**Problem description:** Output the span of lines from the one that contains "育種ビオラ 『ブルーウィングス交配反転咲き』 【B" through the end of the records, inclusive, exactly as written and free of pictures.
○ ○ ○ ○
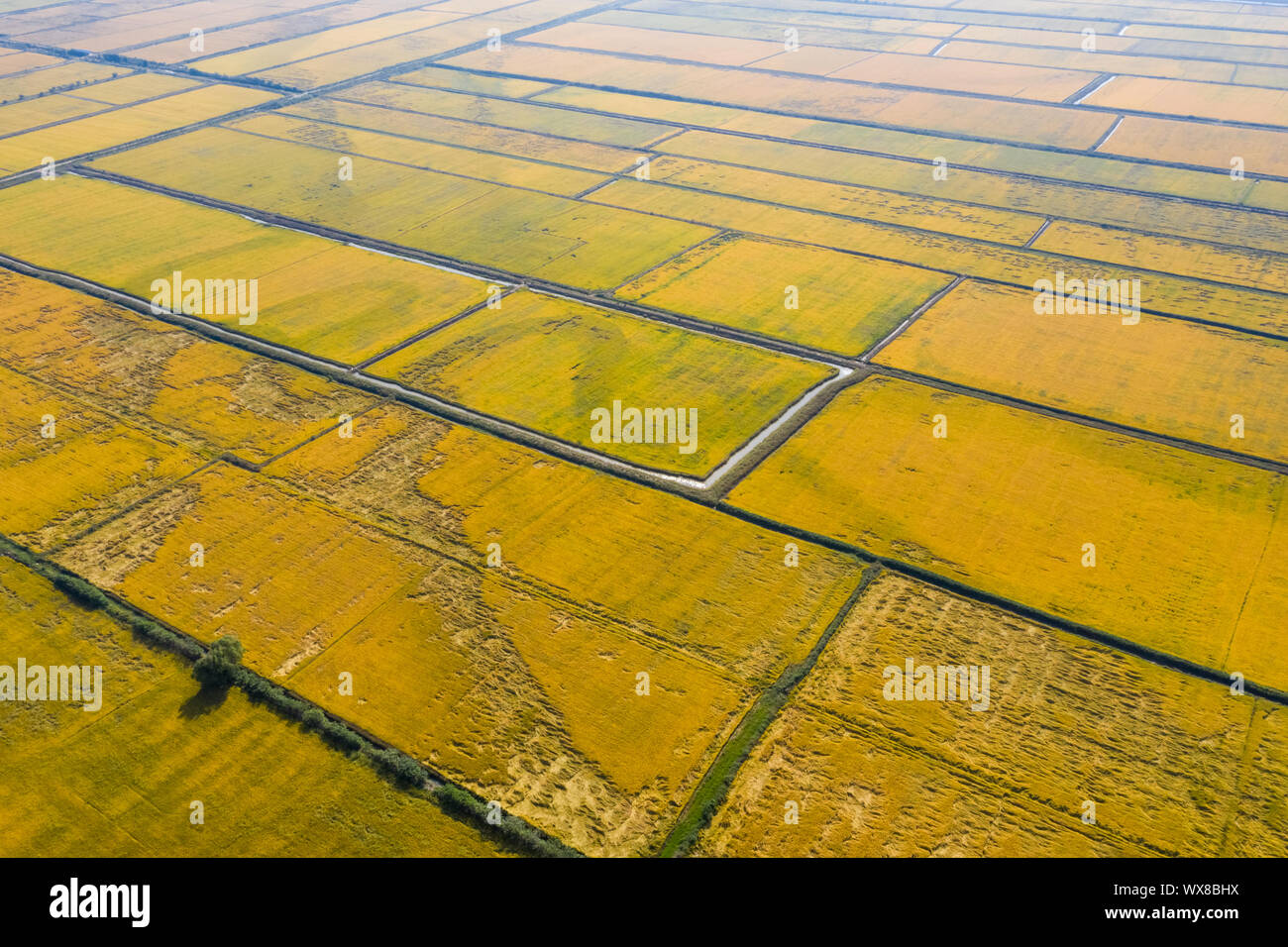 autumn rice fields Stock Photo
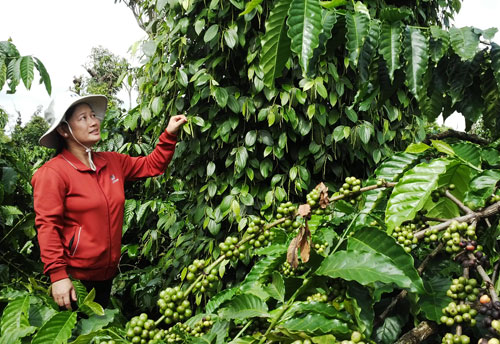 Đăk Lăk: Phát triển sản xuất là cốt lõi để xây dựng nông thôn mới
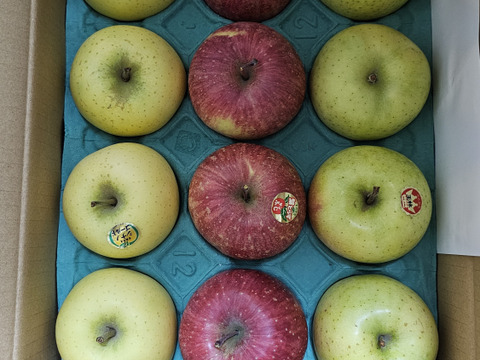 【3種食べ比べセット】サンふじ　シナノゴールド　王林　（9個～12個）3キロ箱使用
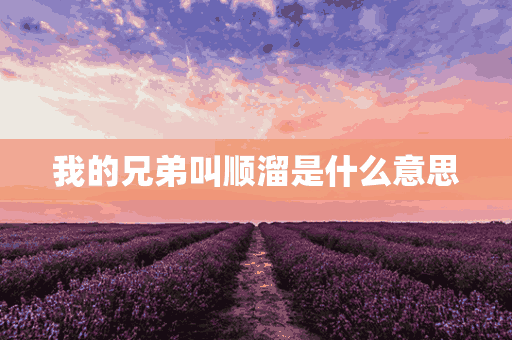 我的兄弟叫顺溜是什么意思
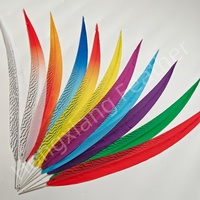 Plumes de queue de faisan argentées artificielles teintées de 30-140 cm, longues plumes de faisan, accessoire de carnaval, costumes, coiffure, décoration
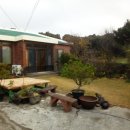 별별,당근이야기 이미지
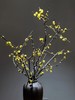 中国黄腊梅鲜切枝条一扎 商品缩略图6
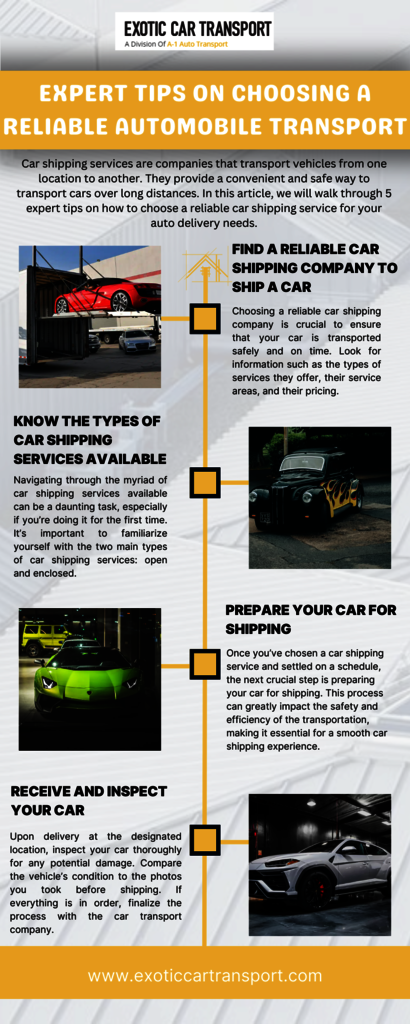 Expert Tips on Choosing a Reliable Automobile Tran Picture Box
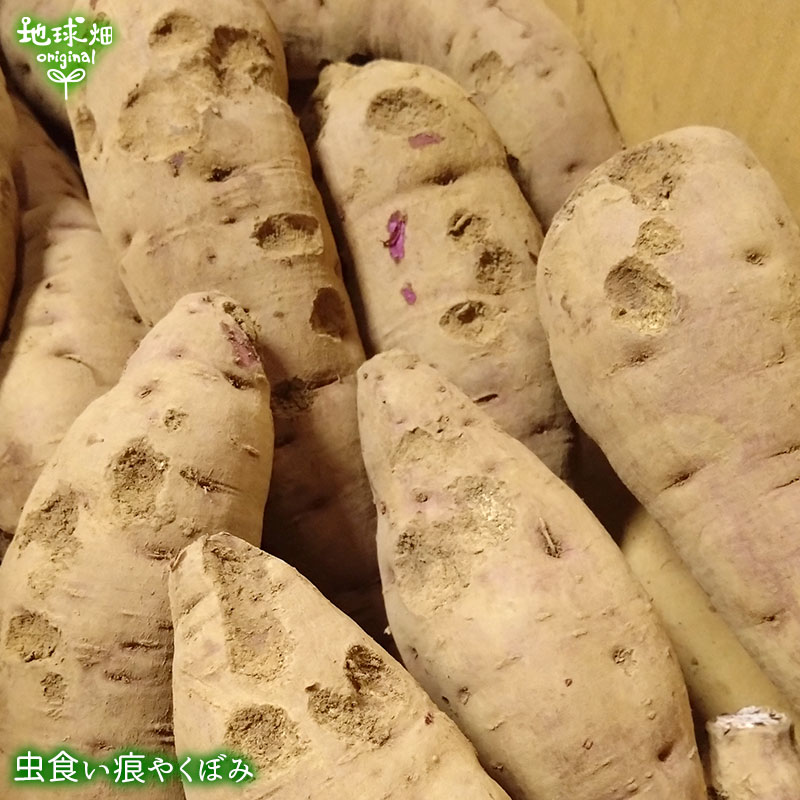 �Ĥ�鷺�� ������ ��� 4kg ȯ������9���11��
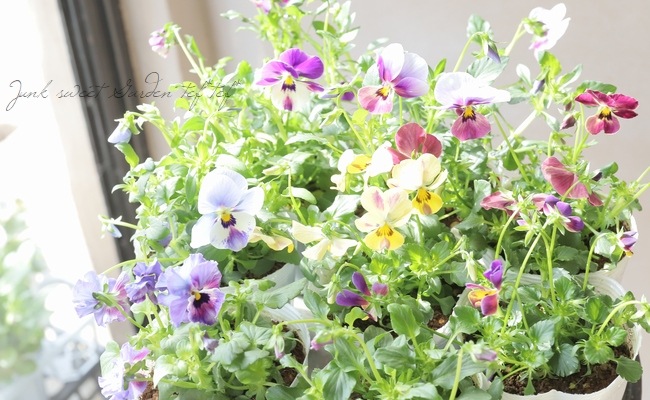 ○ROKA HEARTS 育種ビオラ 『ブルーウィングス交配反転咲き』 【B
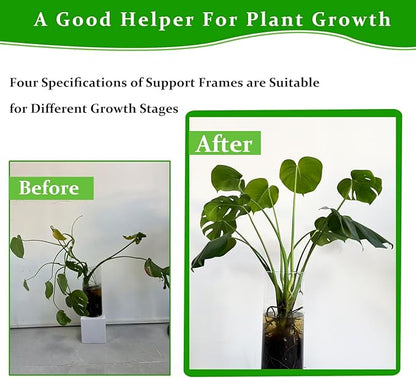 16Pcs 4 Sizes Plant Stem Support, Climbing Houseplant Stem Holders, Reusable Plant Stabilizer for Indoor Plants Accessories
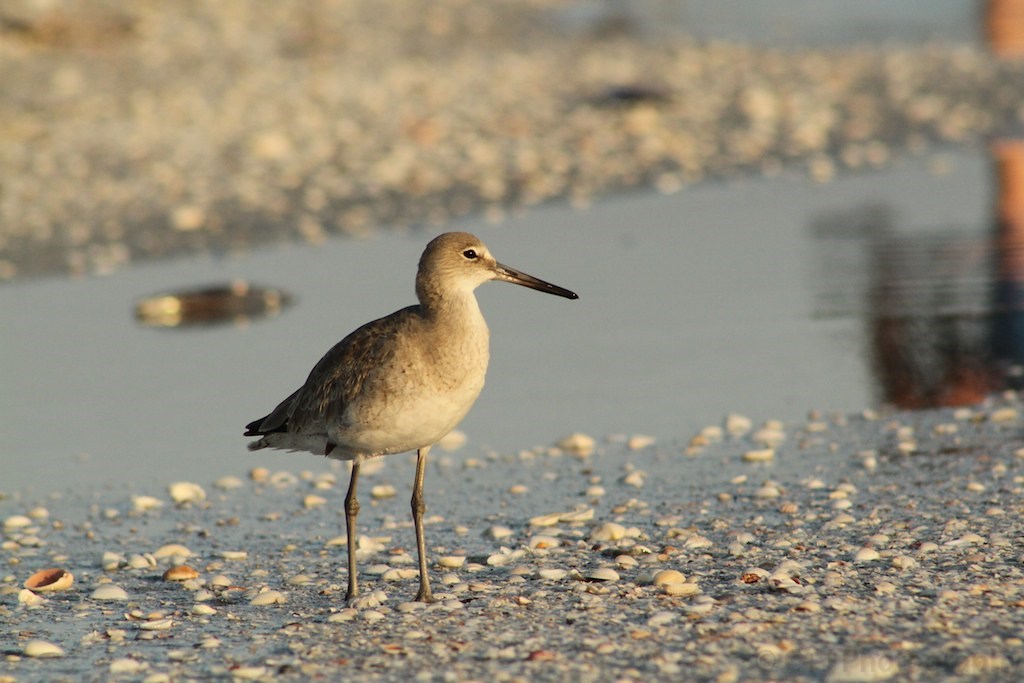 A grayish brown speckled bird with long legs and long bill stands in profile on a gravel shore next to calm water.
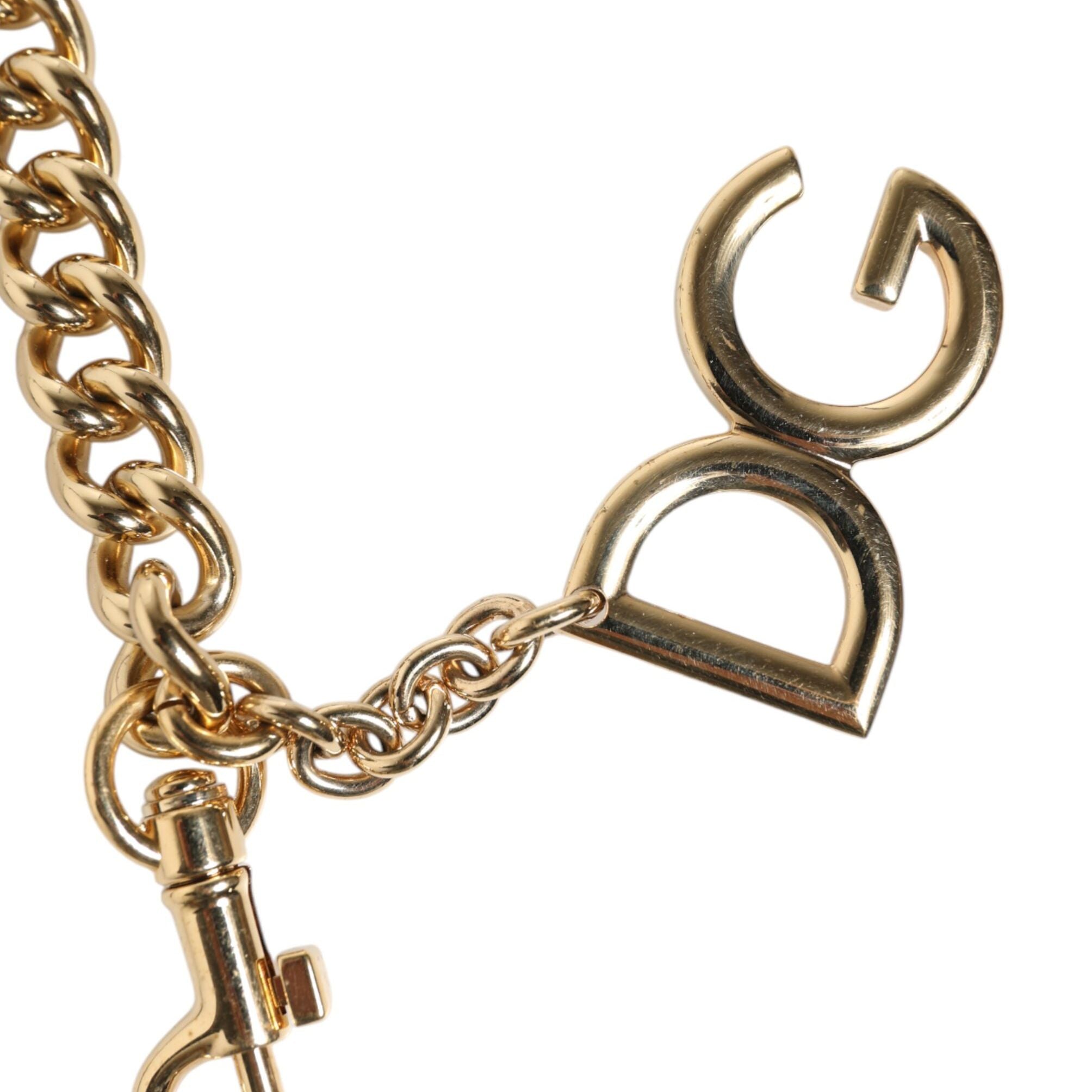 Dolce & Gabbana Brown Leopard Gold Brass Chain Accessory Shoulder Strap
○ ○ ○ ○
**Response:**
 ○ROKA HEARTS 育種ビオラ 『ブルーウィングス交配反転咲き』 【B
 16Pcs 4 Sizes Plant Stem Support, Climbing Houseplant Stem Holders, Reusable Plant Stabilizer for Indoor Plants Accessories
 A grayish brown speckled bird with long legs and long bill stands in profile on a gravel shore next to calm water.
 Dolce & Gabbana Brown Leopard Gold Brass Chain Accessory Shoulder Strap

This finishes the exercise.